[Short text fragments from websites]
# # # # #

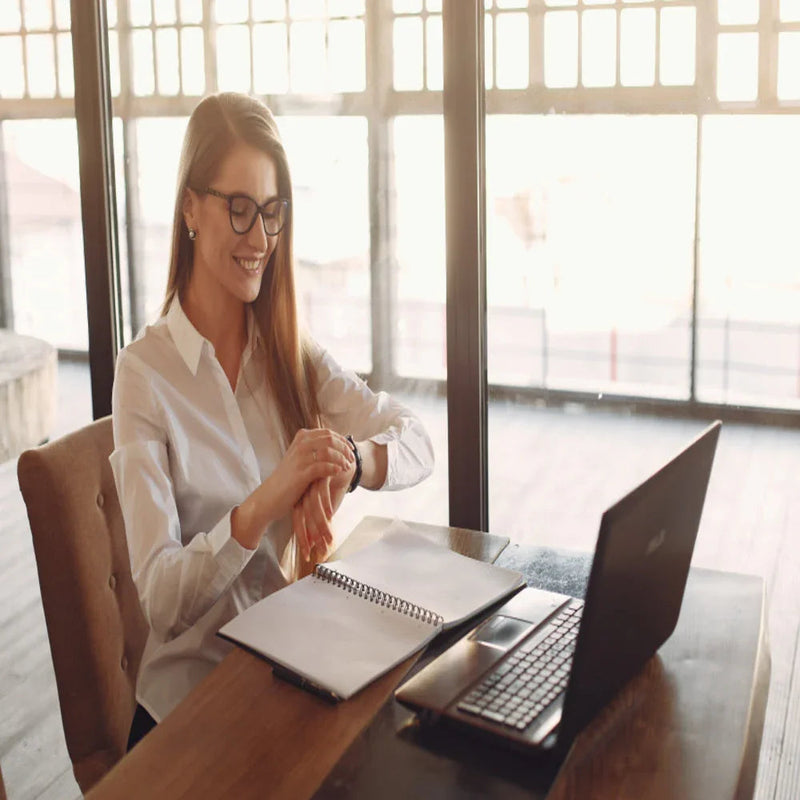 Smiling woman in glasses checking smartwatch at desk with laptop and open notebook in bright office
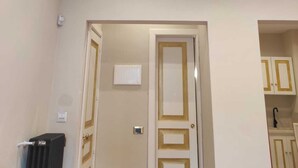 Habitación de hotel con puerta cerrada, un radiador y una vista parcial del baño, que incluye un lavamanos y armarios.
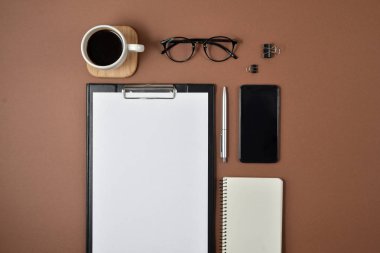 Mockup çalışma alanı boş klibi kurulu, büro malzemeleri, kalem, not defteri, smartphone, kahve fincanı ve kahverengi zemin üzerine gözlük ile. Düz yatıyordu, en iyi görünüm, şık konsept
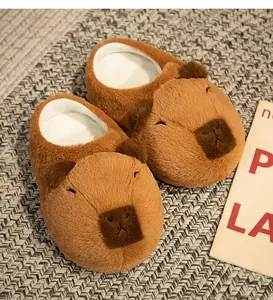 Close-up detail of cute brown capybara plush slippers on a cozy woven textured mat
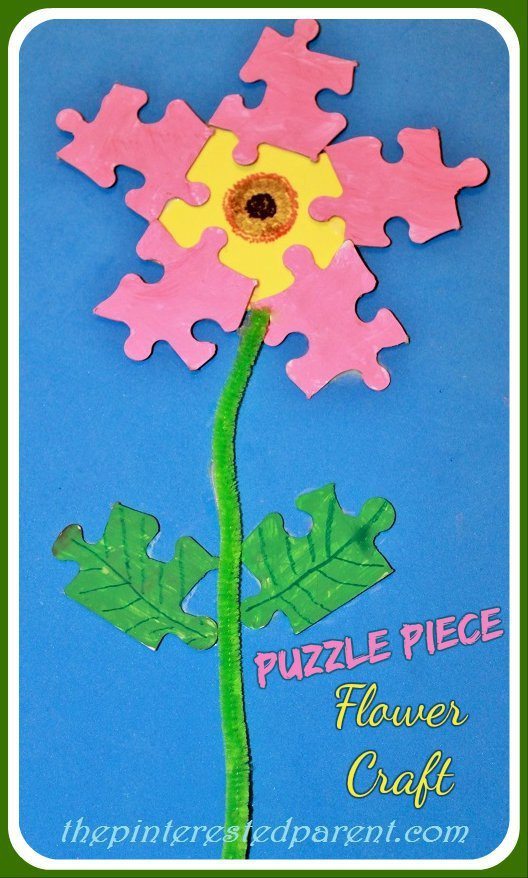 Don't toss your old puzzle pieces, Recycle them into a lovely kids craft for spring. Puzzle piece flower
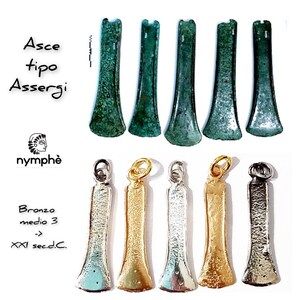 Peut inclure: Six pendentifs en bronze en forme de hache, également appelés Asce, de type Assergi. Les pendentifs sont en différentes finitions, notamment argent, or et bronze. Le texte "Asce tipo Assergi" et "Bronzo medio 3 - XXI sec.d.C." est visible sur l'image.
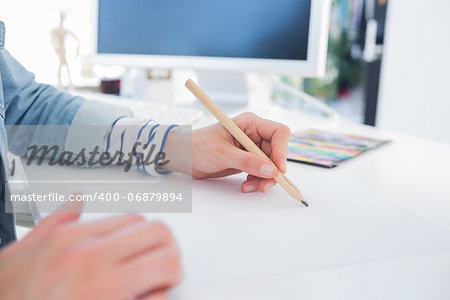 Female hands drawing on paper on her desk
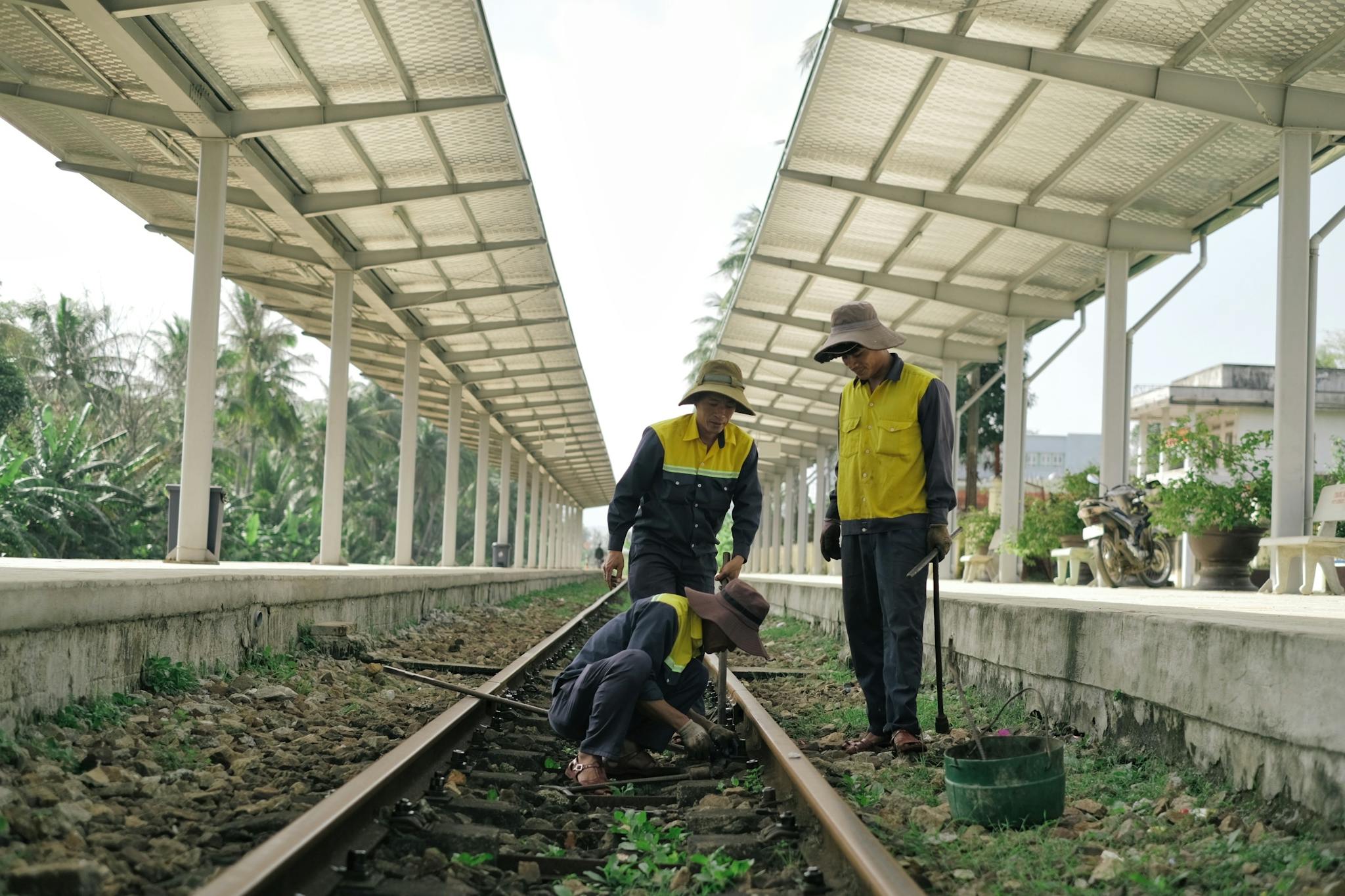 Three workers in uniforms maintaining railway tracks at a station under a canopy.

# # # # #

Copy exactly, and only, the lines from the first entry through the line holding "Don't toss your", both ends included, leaving out every picture.

 Smiling woman in glasses checking smartwatch at desk with laptop and open notebook in bright office
 Habitación de hotel con puerta cerrada, un radiador y una vista parcial del baño, que incluye un lavamanos y armarios.
 Mockup çalışma alanı boş klibi kurulu, büro malzemeleri, kalem, not defteri, smartphone, kahve fincanı ve kahverengi zemin üzerine gözlük ile. Düz yatıyordu, en iyi görünüm, şık konsept
 Close-up detail of cute brown capybara plush slippers on a cozy woven textured mat
 Don't toss your old puzzle pieces, Recycle them into a lovely kids craft for spring. Puzzle piece flower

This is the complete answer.